The output should be the line containing "Textured Ribbed Hem" and every later line of the records, exactly as written, and nothing else.

====== DATA SECTION ======

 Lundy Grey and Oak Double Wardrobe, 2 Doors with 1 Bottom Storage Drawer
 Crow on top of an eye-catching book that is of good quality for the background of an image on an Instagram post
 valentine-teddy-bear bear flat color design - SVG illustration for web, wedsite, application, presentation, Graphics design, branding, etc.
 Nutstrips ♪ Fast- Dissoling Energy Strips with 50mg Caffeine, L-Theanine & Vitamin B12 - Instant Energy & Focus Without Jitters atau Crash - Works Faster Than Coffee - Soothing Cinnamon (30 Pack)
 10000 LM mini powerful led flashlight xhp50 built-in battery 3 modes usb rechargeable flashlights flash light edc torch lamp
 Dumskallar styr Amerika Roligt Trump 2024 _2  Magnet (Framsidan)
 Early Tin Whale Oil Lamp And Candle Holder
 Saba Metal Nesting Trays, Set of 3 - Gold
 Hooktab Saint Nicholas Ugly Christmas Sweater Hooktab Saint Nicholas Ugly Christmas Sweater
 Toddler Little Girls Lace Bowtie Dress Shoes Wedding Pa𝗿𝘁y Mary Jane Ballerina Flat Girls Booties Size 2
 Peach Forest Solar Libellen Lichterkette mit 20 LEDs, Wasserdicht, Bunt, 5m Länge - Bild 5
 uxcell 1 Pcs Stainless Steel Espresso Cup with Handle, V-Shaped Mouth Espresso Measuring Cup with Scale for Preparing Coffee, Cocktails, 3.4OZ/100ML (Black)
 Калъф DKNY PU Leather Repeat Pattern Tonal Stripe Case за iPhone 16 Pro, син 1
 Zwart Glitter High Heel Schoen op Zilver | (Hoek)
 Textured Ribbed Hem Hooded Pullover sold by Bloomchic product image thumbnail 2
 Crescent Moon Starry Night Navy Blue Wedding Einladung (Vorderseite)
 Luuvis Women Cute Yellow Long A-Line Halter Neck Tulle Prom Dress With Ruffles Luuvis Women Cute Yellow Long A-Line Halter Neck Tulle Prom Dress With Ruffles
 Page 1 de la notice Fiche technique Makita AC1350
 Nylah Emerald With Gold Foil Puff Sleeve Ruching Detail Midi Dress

======

§ **PROBLEM SOLUTION**
 Textured Ribbed Hem Hooded Pullover sold by Bloomchic product image thumbnail 2
 Crescent Moon Starry Night Navy Blue Wedding Einladung (Vorderseite)
 Luuvis Women Cute Yellow Long A-Line Halter Neck Tulle Prom Dress With Ruffles Luuvis Women Cute Yellow Long A-Line Halter Neck Tulle Prom Dress With Ruffles
 Page 1 de la notice Fiche technique Makita AC1350
 Nylah Emerald With Gold Foil Puff Sleeve Ruching Detail Midi Dress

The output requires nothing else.